**WHAT YOU NEED TO DO**
Take the material below and output exactly the run of lines from the one containing "Lütfen Delirmeme İzin Vermeyin Hep Kitap" down to the one containing "Alfred Kuhn - Lectures", with both included.

**INFORMATION**
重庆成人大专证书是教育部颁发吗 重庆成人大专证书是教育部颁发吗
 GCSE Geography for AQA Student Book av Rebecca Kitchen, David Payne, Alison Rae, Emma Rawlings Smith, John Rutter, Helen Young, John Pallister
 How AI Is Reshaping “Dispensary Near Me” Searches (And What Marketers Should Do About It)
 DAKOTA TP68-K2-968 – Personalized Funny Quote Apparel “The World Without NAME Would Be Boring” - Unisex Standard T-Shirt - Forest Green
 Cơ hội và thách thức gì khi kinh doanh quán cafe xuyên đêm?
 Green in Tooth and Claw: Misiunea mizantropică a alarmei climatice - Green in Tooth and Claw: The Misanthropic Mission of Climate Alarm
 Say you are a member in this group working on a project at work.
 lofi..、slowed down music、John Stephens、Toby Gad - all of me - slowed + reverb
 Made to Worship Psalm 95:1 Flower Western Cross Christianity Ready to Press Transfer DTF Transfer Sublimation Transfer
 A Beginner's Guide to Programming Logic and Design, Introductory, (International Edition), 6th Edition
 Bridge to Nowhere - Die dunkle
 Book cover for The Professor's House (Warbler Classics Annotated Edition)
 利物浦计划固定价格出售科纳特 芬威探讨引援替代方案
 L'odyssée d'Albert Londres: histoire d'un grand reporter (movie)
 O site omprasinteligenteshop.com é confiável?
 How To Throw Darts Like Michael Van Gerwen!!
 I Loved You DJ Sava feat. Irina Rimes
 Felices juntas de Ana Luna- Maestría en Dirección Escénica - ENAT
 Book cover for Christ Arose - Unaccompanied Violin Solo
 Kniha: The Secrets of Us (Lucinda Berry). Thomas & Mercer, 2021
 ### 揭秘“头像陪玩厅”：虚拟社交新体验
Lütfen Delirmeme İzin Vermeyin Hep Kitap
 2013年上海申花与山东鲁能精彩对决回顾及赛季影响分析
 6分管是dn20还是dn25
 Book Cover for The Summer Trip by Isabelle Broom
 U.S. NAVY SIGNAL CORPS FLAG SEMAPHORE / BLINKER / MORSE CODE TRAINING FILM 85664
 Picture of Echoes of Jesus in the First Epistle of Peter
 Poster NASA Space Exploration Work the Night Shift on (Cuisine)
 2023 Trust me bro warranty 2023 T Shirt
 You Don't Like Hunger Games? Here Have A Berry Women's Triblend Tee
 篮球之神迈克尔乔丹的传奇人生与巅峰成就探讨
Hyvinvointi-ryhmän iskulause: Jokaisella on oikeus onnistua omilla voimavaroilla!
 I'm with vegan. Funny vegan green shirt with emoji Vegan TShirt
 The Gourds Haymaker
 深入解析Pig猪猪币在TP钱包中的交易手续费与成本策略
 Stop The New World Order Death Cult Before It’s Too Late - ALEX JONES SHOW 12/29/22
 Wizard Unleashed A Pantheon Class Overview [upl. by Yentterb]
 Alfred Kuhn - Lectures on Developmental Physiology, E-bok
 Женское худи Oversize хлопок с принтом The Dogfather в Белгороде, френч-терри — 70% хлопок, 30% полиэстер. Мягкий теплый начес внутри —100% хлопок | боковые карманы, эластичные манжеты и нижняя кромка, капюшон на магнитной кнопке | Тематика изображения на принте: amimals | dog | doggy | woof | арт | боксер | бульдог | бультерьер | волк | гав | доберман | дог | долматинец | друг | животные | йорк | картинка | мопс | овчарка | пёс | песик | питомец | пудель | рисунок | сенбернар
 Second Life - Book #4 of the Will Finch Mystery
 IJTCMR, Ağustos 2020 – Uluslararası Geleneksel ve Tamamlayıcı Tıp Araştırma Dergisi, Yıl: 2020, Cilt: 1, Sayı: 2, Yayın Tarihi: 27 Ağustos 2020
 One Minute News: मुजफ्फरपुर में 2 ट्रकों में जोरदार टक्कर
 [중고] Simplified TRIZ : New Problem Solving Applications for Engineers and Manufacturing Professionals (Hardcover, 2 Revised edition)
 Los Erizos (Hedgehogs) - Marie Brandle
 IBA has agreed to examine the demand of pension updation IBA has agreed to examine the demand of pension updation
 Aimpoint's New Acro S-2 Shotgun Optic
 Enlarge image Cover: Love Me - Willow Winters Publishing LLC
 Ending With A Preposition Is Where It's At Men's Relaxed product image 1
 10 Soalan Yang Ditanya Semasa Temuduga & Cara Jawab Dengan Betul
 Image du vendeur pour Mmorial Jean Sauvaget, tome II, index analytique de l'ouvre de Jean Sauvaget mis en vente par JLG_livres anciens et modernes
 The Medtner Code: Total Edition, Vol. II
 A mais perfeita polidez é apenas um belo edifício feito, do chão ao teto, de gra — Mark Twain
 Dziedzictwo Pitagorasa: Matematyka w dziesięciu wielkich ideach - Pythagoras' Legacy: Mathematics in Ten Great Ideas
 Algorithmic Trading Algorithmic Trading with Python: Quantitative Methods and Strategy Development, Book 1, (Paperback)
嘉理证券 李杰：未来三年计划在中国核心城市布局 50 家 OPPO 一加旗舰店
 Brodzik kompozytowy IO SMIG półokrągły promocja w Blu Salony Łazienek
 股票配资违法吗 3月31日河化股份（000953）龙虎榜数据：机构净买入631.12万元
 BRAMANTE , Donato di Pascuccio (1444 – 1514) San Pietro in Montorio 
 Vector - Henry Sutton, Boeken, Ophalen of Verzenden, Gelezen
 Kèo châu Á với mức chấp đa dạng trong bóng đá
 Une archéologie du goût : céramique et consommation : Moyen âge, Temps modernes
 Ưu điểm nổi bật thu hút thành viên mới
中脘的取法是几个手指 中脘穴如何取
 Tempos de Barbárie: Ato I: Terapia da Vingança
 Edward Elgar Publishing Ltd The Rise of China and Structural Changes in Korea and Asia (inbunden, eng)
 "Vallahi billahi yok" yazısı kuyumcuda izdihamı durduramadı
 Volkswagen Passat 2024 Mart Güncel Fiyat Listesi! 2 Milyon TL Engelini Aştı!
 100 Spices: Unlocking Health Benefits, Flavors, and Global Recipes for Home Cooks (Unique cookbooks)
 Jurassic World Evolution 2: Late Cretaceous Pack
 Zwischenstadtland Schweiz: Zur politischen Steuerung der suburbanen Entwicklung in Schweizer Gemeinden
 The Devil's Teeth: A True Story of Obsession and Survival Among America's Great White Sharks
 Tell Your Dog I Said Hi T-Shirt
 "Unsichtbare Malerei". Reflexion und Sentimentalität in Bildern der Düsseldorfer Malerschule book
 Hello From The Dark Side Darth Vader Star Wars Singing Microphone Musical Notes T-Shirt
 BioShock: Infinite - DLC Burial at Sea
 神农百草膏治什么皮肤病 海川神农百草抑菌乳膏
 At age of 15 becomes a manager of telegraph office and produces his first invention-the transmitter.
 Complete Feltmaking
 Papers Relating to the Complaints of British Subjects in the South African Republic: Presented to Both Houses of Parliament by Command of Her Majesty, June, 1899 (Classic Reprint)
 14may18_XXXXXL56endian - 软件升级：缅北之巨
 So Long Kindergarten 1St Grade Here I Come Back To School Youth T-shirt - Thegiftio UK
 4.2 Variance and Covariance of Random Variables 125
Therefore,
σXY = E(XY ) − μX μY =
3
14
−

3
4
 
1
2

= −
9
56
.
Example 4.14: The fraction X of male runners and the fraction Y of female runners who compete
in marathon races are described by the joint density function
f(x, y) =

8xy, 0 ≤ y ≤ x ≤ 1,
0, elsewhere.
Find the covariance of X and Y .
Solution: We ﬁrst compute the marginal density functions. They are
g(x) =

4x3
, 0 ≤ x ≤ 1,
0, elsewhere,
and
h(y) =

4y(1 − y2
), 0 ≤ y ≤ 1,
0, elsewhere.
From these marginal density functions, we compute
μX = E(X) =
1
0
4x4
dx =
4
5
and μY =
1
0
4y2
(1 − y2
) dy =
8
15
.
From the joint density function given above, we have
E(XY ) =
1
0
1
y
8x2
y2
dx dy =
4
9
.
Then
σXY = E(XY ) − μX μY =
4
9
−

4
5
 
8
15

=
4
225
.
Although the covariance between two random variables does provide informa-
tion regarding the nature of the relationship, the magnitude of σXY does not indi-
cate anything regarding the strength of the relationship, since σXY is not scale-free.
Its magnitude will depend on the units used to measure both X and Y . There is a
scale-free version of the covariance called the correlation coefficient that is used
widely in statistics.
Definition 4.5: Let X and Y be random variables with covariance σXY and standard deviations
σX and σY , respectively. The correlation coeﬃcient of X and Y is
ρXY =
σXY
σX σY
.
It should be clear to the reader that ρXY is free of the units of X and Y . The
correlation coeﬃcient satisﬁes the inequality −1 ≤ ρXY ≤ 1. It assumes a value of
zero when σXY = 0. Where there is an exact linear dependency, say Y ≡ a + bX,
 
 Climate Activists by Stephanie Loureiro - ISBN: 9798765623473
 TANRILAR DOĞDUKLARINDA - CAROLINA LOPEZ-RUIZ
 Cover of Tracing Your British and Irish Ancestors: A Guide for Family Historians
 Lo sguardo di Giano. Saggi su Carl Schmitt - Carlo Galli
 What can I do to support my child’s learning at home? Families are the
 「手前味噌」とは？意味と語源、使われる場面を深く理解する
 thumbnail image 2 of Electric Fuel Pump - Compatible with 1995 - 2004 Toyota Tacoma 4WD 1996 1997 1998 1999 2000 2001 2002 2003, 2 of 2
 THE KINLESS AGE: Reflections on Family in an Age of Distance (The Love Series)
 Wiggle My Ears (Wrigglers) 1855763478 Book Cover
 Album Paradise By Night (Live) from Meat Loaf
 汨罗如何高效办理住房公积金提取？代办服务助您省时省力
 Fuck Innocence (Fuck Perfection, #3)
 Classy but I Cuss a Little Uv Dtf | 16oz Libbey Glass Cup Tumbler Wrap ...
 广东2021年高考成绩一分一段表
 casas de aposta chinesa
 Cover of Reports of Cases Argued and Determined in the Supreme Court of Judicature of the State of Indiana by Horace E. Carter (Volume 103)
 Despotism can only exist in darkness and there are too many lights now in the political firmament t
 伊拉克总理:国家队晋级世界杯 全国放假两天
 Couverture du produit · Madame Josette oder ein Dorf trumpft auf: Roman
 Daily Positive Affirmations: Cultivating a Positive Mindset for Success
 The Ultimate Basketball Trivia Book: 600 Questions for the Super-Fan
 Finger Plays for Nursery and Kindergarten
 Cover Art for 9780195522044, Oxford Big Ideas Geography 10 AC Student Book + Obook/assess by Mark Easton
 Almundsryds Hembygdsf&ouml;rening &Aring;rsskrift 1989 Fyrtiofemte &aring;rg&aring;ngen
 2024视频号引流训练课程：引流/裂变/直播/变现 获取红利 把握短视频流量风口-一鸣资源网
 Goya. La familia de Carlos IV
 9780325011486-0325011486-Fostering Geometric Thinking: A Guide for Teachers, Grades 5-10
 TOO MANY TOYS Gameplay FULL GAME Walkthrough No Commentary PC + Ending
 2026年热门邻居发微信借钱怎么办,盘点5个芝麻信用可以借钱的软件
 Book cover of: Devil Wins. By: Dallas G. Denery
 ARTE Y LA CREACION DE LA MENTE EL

**RESULT BELOW**
Lütfen Delirmeme İzin Vermeyin Hep Kitap
 2013年上海申花与山东鲁能精彩对决回顾及赛季影响分析
 6分管是dn20还是dn25
 Book Cover for The Summer Trip by Isabelle Broom
 U.S. NAVY SIGNAL CORPS FLAG SEMAPHORE / BLINKER / MORSE CODE TRAINING FILM 85664
 Picture of Echoes of Jesus in the First Epistle of Peter
 Poster NASA Space Exploration Work the Night Shift on (Cuisine)
 2023 Trust me bro warranty 2023 T Shirt
 You Don't Like Hunger Games? Here Have A Berry Women's Triblend Tee
 篮球之神迈克尔乔丹的传奇人生与巅峰成就探讨
Hyvinvointi-ryhmän iskulause: Jokaisella on oikeus onnistua omilla voimavaroilla!
 I'm with vegan. Funny vegan green shirt with emoji Vegan TShirt
 The Gourds Haymaker
 深入解析Pig猪猪币在TP钱包中的交易手续费与成本策略
 Stop The New World Order Death Cult Before It’s Too Late - ALEX JONES SHOW 12/29/22
 Wizard Unleashed A Pantheon Class Overview [upl. by Yentterb]
 Alfred Kuhn - Lectures on Developmental Physiology, E-bok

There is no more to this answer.